Retype only the lines from the top of the records to the line with "Dolce & Gabbana", including that line but none of the pictures.
#####
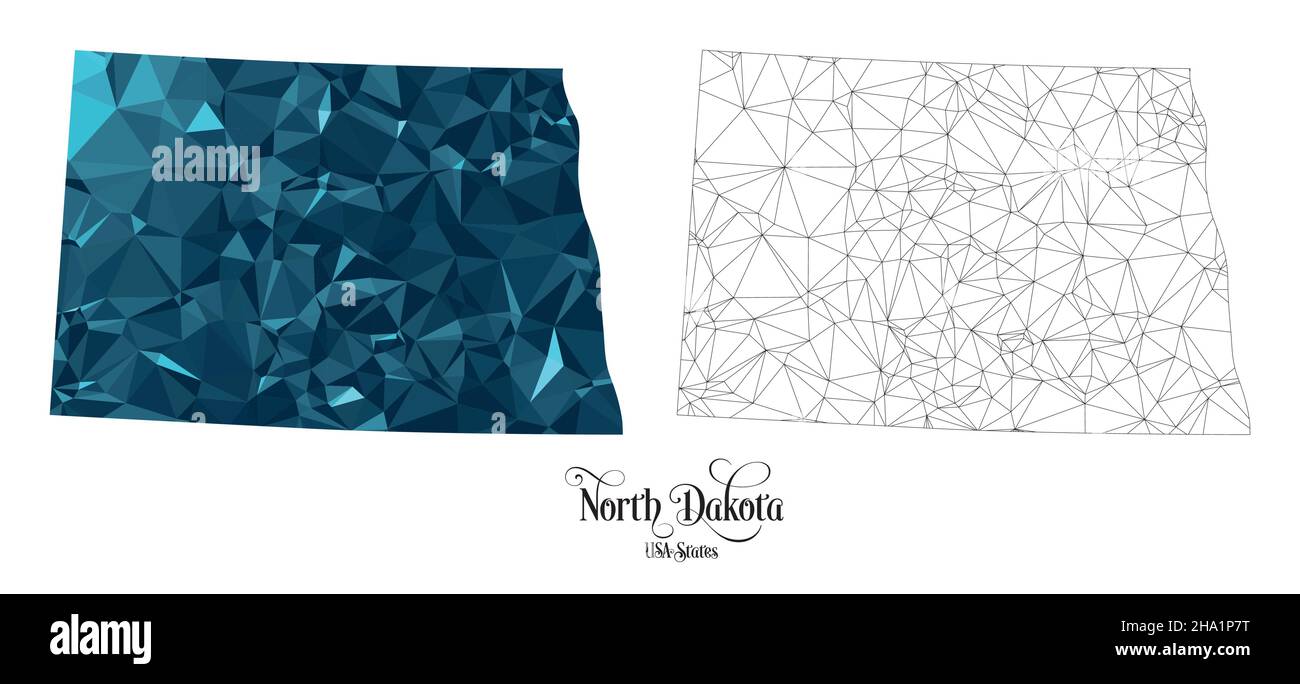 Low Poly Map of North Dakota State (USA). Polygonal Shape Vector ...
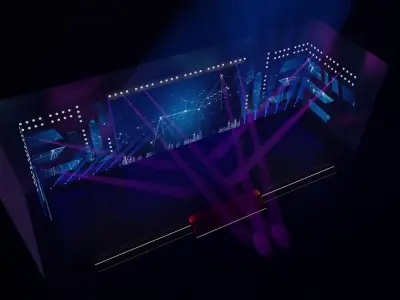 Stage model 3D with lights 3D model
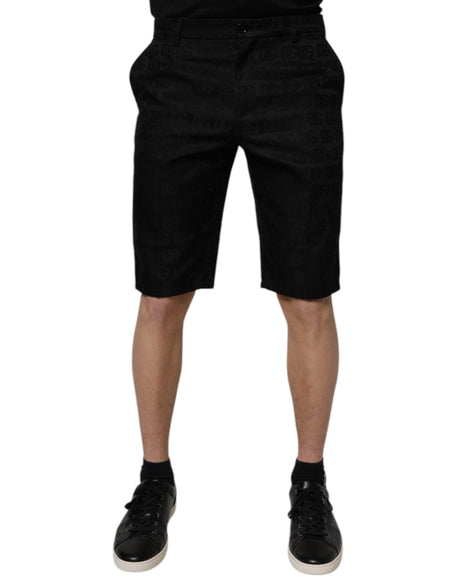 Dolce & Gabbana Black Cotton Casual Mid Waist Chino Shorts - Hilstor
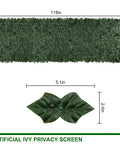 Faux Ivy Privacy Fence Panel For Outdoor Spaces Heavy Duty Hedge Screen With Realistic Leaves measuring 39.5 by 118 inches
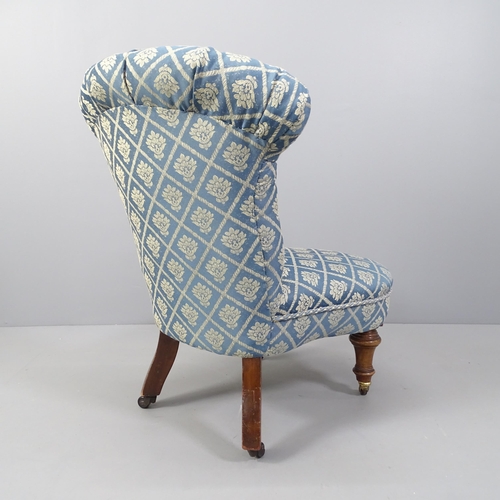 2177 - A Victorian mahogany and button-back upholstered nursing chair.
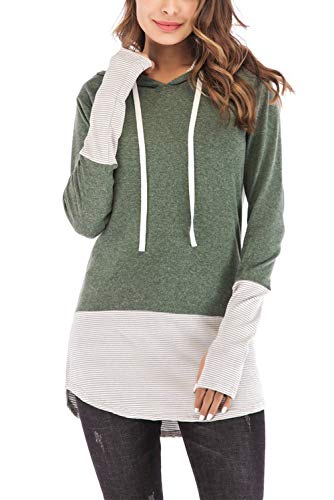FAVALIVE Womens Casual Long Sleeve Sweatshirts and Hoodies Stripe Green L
#####
OUTPUT OF THE TASK:
 Low Poly Map of North Dakota State (USA). Polygonal Shape Vector ...
 Stage model 3D with lights 3D model
 Dolce & Gabbana Black Cotton Casual Mid Waist Chino Shorts - Hilstor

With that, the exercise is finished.